Reply: Thank you for your observation. We apologize for the confusion. The actual number of differentially expressed genes (DEGs) identified was 54, not 544, and we have corrected the text in the Results section accordingly. Figure 1A accurately reflects the 54 DEGs that met our statistical threshold (P < 0.05 and |t-value| > 2). We appreciate the reviewer’s attention to this detail.
- The inconsistency among results paragraph, figure1A and figure legend raises significant problem for this paper's core hypothesis of the study.
Reply: We acknowledge the earlier inconsistency between the reported number of DEGs in the results paragraph, Figure 1A, and the corresponding figure legend. This was due to a typographical error in the manuscript text, where “544” was mistakenly written instead of “54.” We have corrected this to maintain consistency across the results and ensure accurate representation of the core findings. Importantly, this correction does not affect the integrity of the downstream analyses or the overall conclusions of the study.
Author Response File:
Author Response.pdf
Round 2
Reviewer 2 Report
Comments and Suggestions for Authors- In line 123 of the introduction, please give the full name of NEPC.
- In the results part, please provide more details for each PCa subtype. For example, what is the subtype for GSE55945?

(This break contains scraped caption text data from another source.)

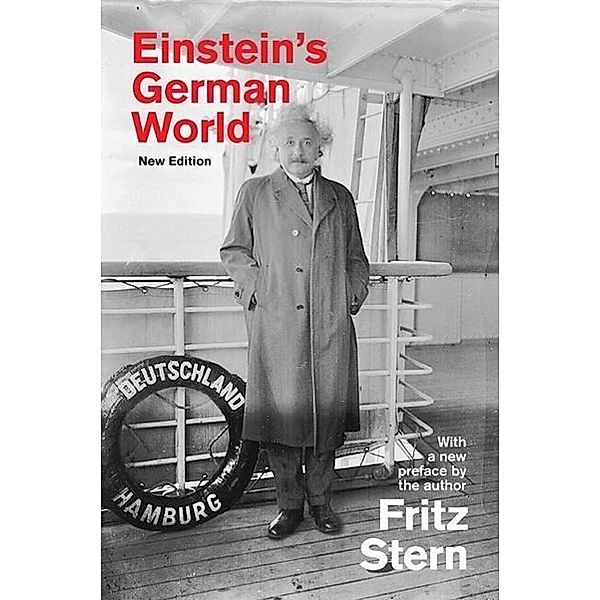 Einstein's German World, Fritz Stern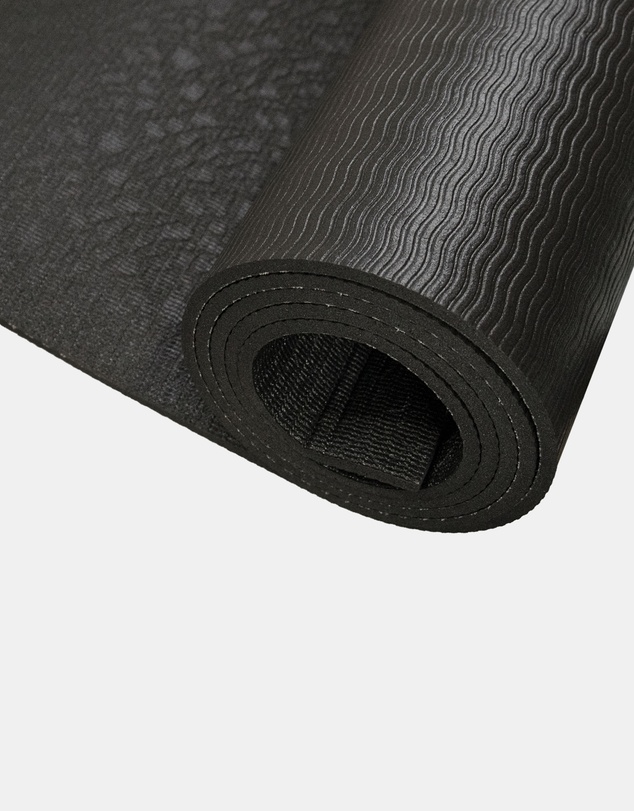 BAHE - Super Grip Yoga & Pilates Mat 6mm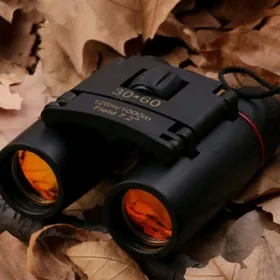 Dürbi Бинокль Binokl syýahat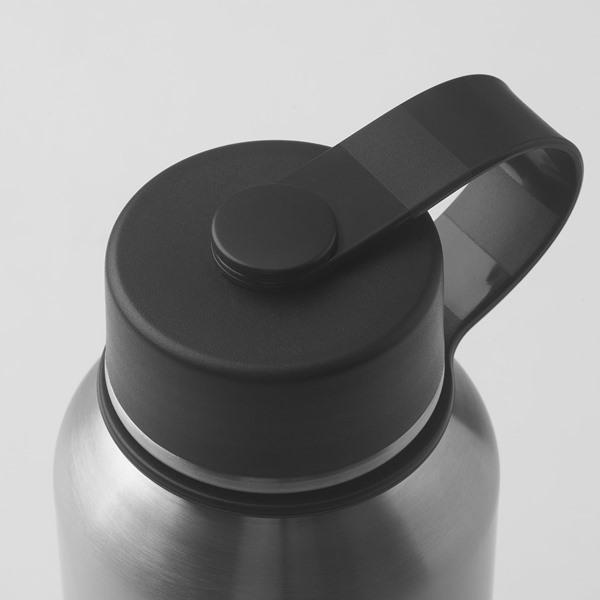 [IKEA/イケア/通販]AURTIENDE アウルティエンデ魔法瓶, ブラック,0.5 l[A](80574891) |  | 02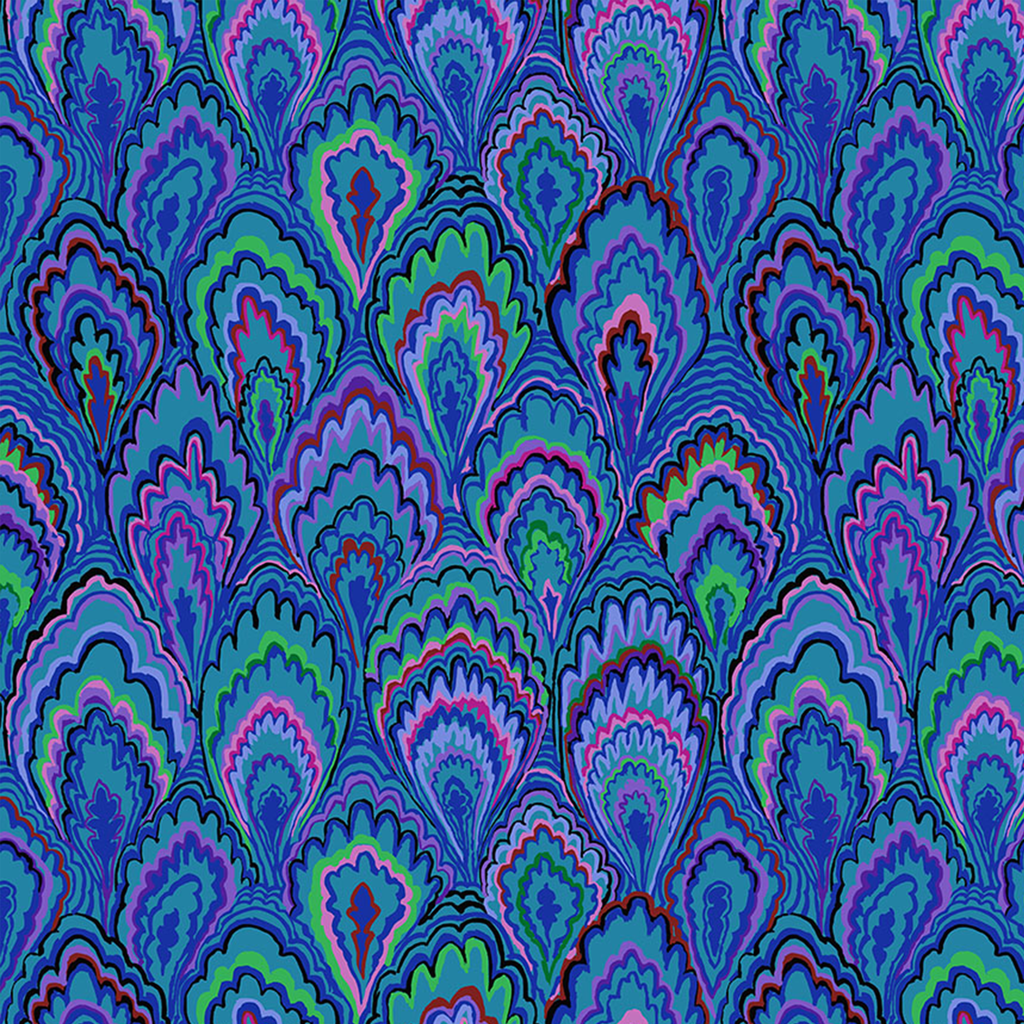 #58925 Half Yard               
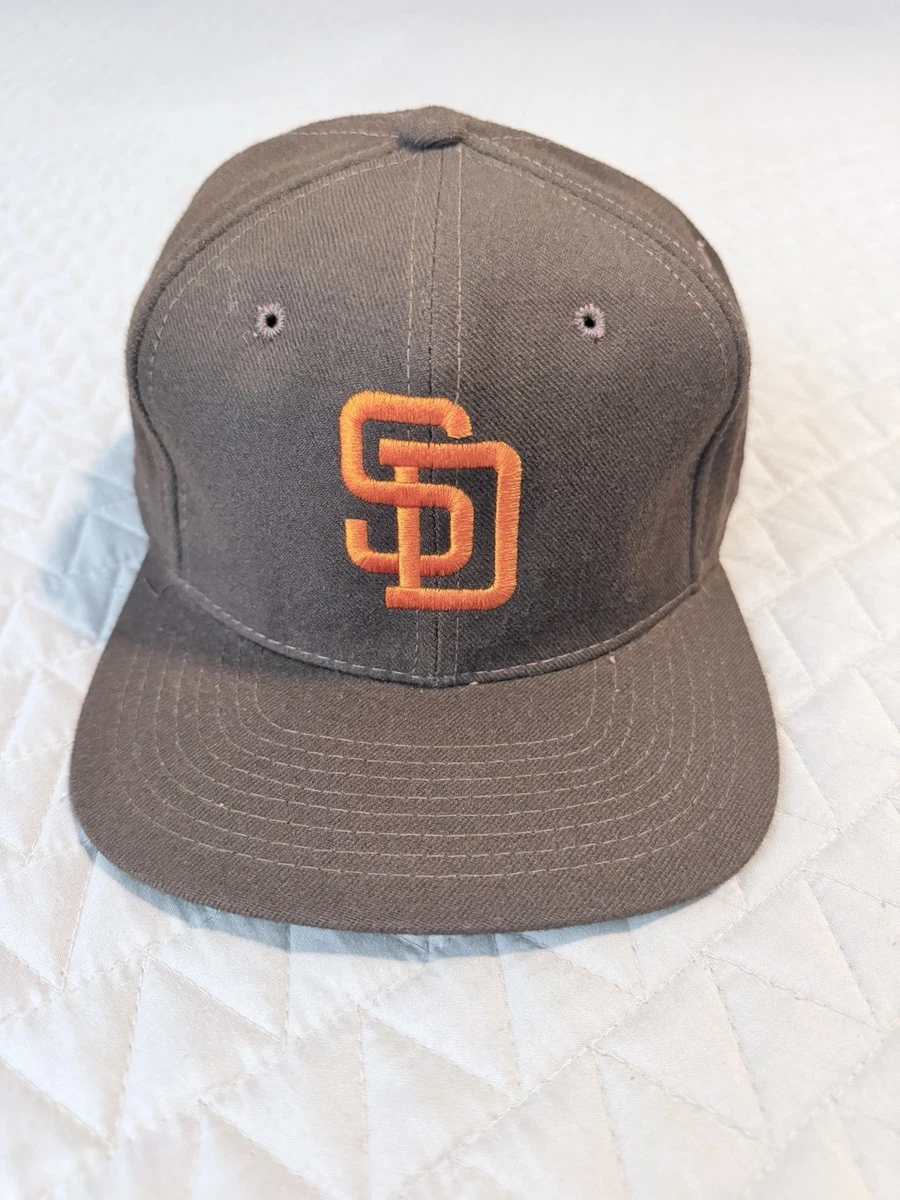 7 5/8 Size San Diego Padres MLB Fan Cap, Hats for sale | eBay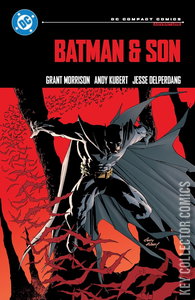 Batman & Son Collected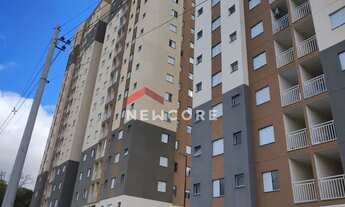 Imagem 3: Apartamento em Rua José Martinez Gabarron - Jardim Gutierres - Sorocaba/SP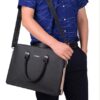 Túi Xách Công Sở Nam Đẹp Phong Cách Hàn Quốc TX028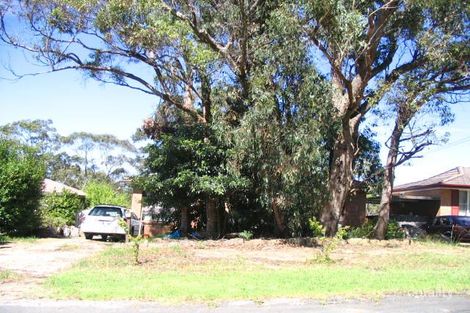 65 Ridge St, Lawson, NSW 2783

- The number of DEGs is 544, but the total number in the pie chart is 125 genes. Please explain more about it.
- For Figure 1B, please provide a clear figure; the current figure is unclear. Please
- For Figure 1B, please give more details for each important gene, such as the log2 fold change value. A heatmap is a better way to show the differential expression.
- in line 182, there is no figure 1c and d. Please correct this.
- Figures 2 and 3 are unclear to see; please provide a clear version.
- the order of 6, 7,8 is not correct.